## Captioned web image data

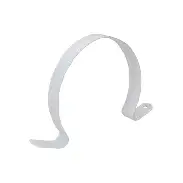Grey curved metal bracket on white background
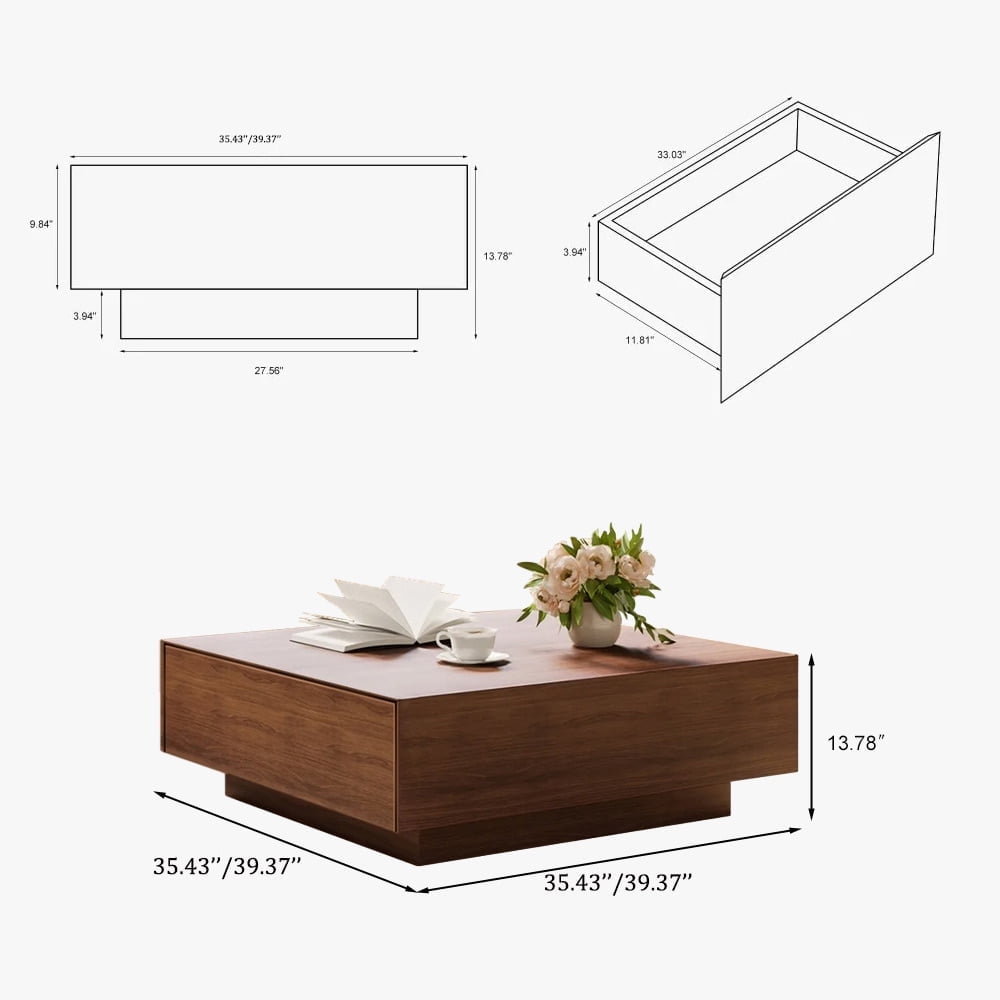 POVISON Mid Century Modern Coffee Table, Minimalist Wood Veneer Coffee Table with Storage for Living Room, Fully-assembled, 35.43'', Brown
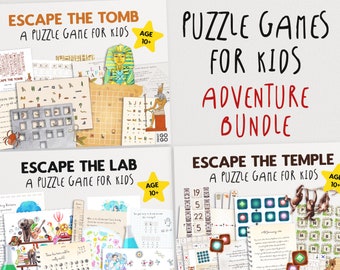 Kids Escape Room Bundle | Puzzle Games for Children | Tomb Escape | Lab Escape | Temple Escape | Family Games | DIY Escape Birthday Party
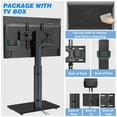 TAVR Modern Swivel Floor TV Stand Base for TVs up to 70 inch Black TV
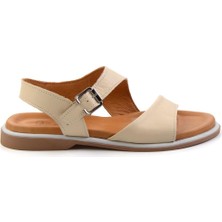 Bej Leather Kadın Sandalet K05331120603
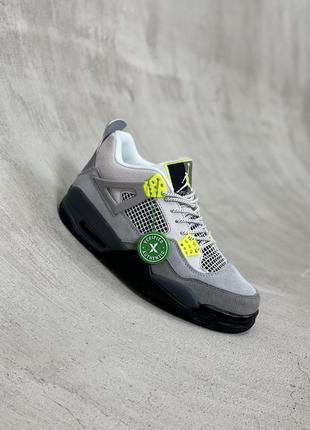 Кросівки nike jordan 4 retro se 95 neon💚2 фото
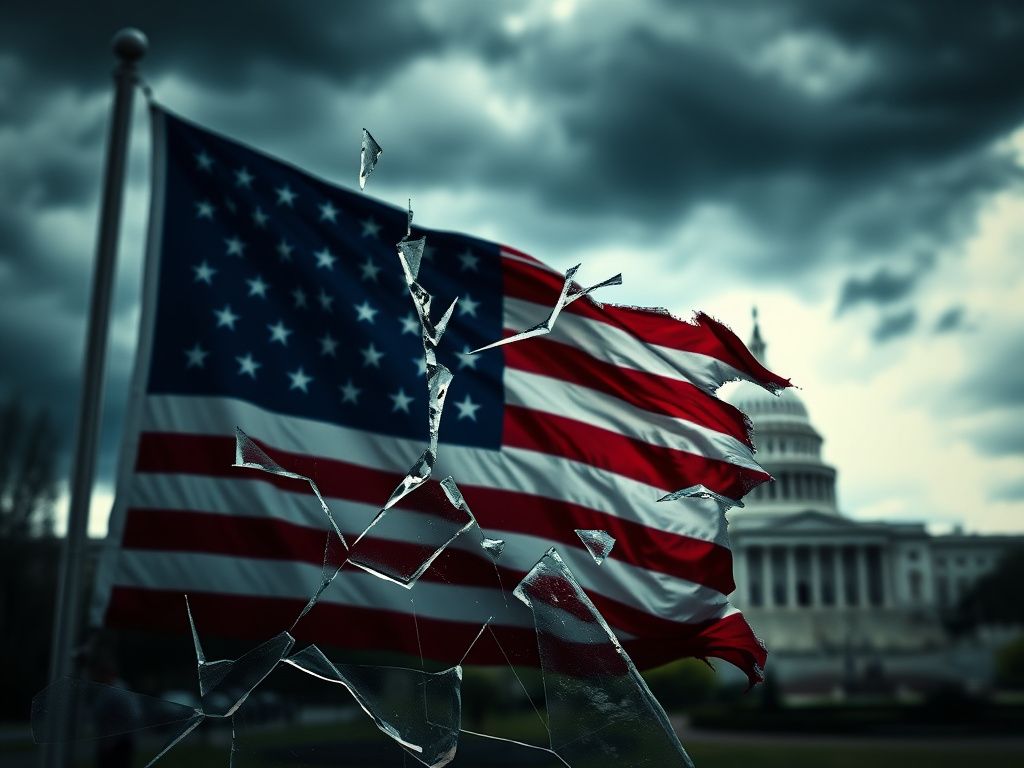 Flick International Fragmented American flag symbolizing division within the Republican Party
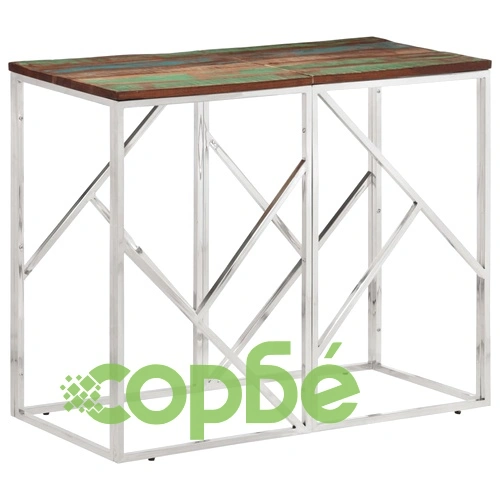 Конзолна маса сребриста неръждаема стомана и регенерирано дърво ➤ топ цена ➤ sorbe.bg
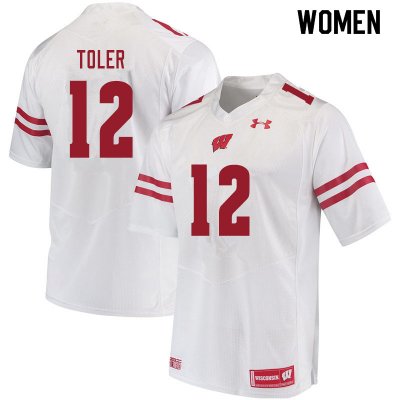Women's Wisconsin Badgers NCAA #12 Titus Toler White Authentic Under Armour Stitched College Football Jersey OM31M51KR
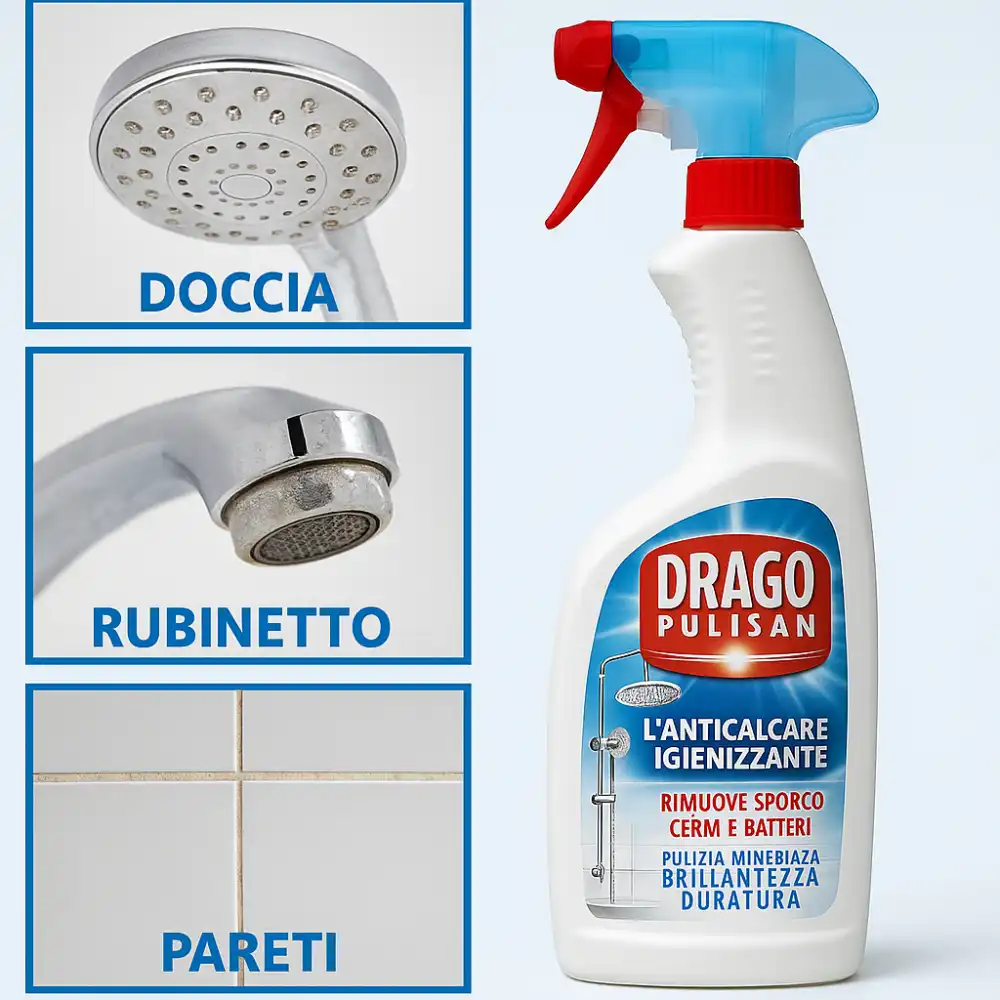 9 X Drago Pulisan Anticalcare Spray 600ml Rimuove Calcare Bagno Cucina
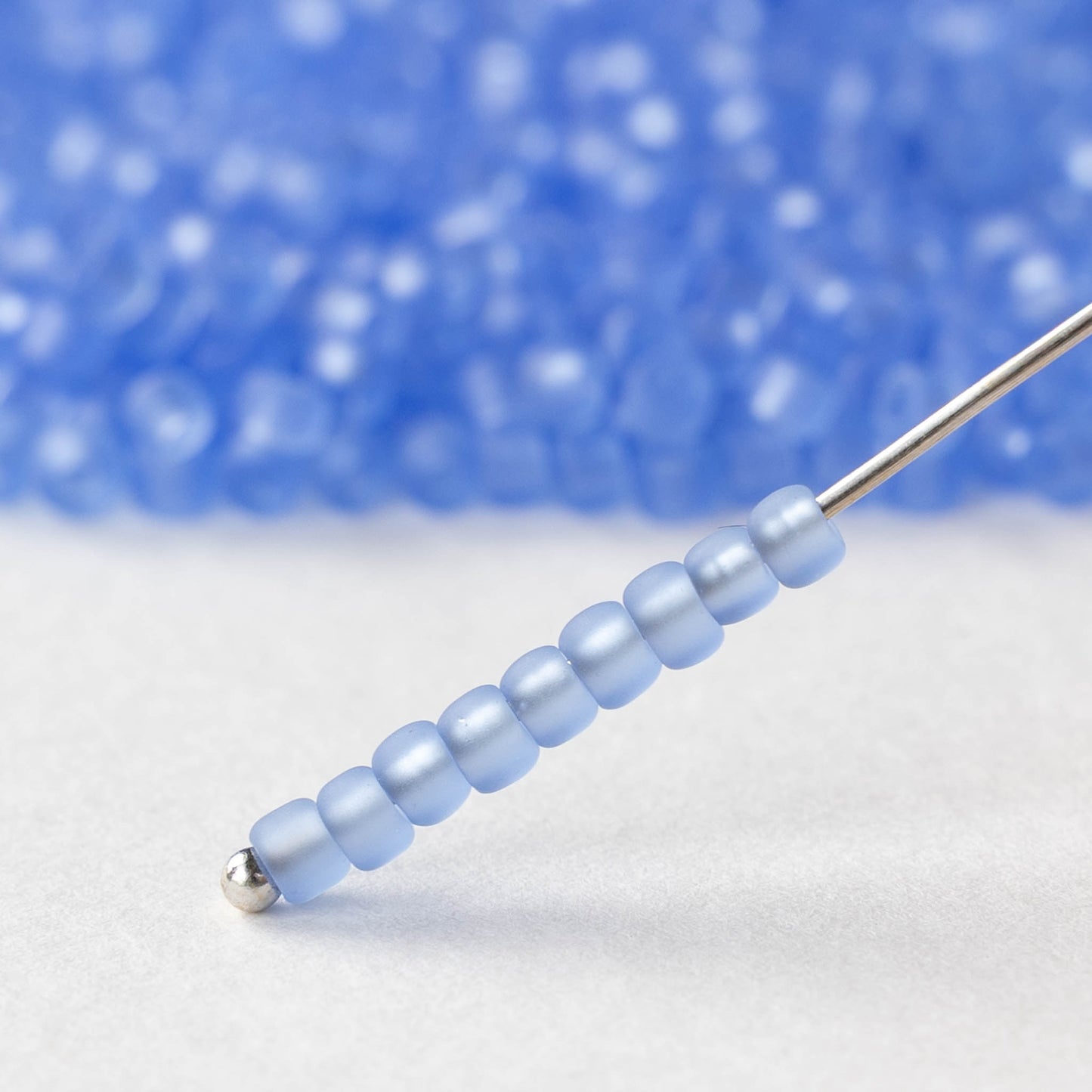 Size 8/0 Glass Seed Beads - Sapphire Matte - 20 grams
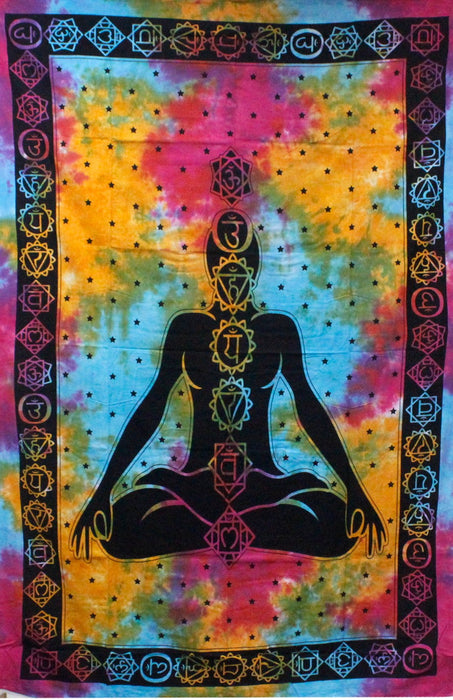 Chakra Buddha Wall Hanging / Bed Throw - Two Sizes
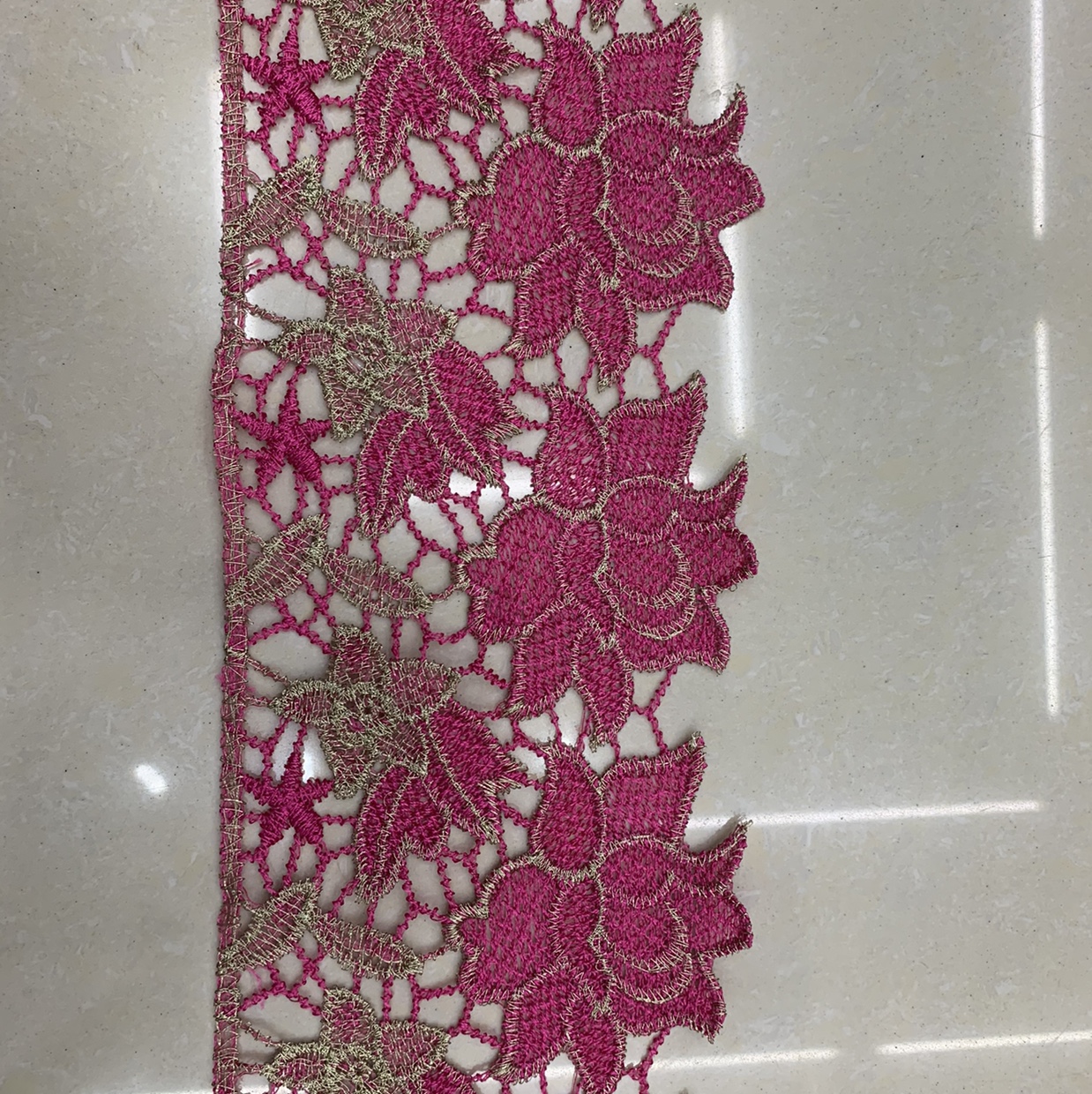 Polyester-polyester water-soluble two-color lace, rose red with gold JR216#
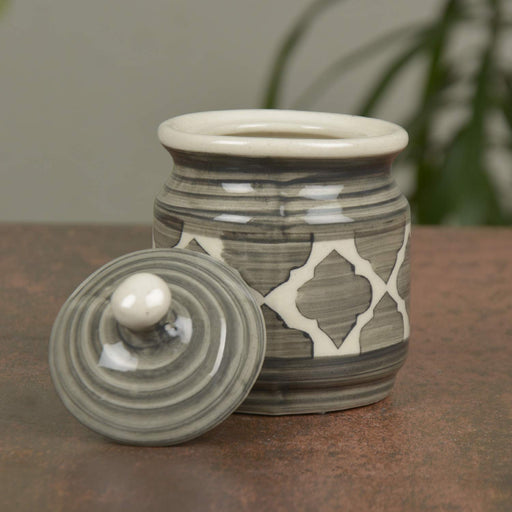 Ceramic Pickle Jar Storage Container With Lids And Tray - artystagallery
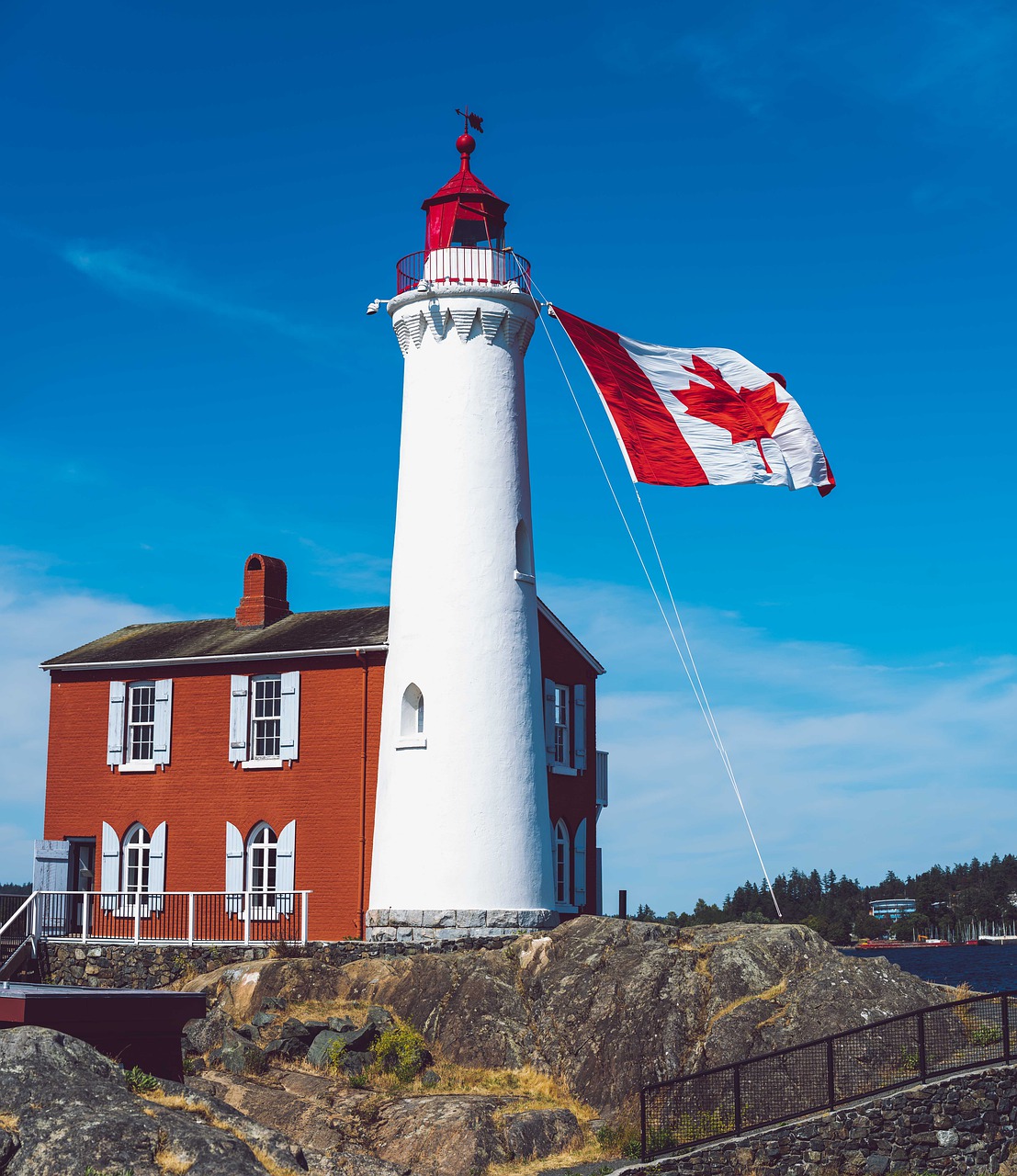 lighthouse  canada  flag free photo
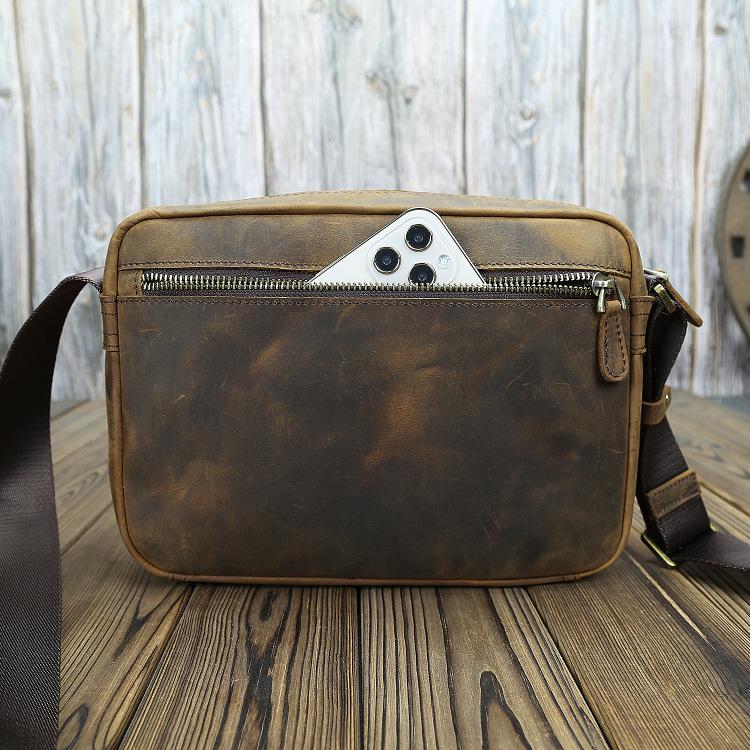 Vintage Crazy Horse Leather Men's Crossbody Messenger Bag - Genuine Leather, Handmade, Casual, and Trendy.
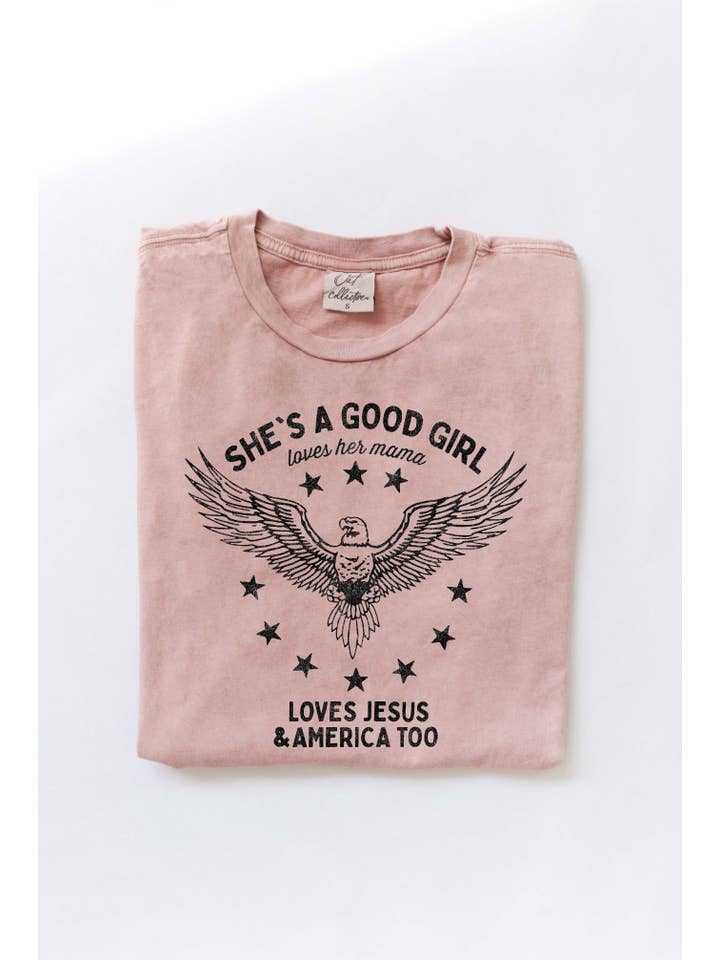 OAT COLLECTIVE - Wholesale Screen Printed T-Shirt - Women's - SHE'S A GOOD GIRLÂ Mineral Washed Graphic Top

## Exercise description
Begin at the line in the entries above that has "Bej Leather Kadın Sandalet K05331120603", stop after the line that has "9 X Drago Pulisan", and output exactly those lines without pictures.

## Solution
 Bej Leather Kadın Sandalet K05331120603
 Кросівки nike jordan 4 retro se 95 neon💚2 фото
 Flick International Fragmented American flag symbolizing division within the Republican Party
 Конзолна маса сребриста неръждаема стомана и регенерирано дърво ➤ топ цена ➤ sorbe.bg
Women's Wisconsin Badgers NCAA #12 Titus Toler White Authentic Under Armour Stitched College Football Jersey OM31M51KR
 9 X Drago Pulisan Anticalcare Spray 600ml Rimuove Calcare Bagno Cucina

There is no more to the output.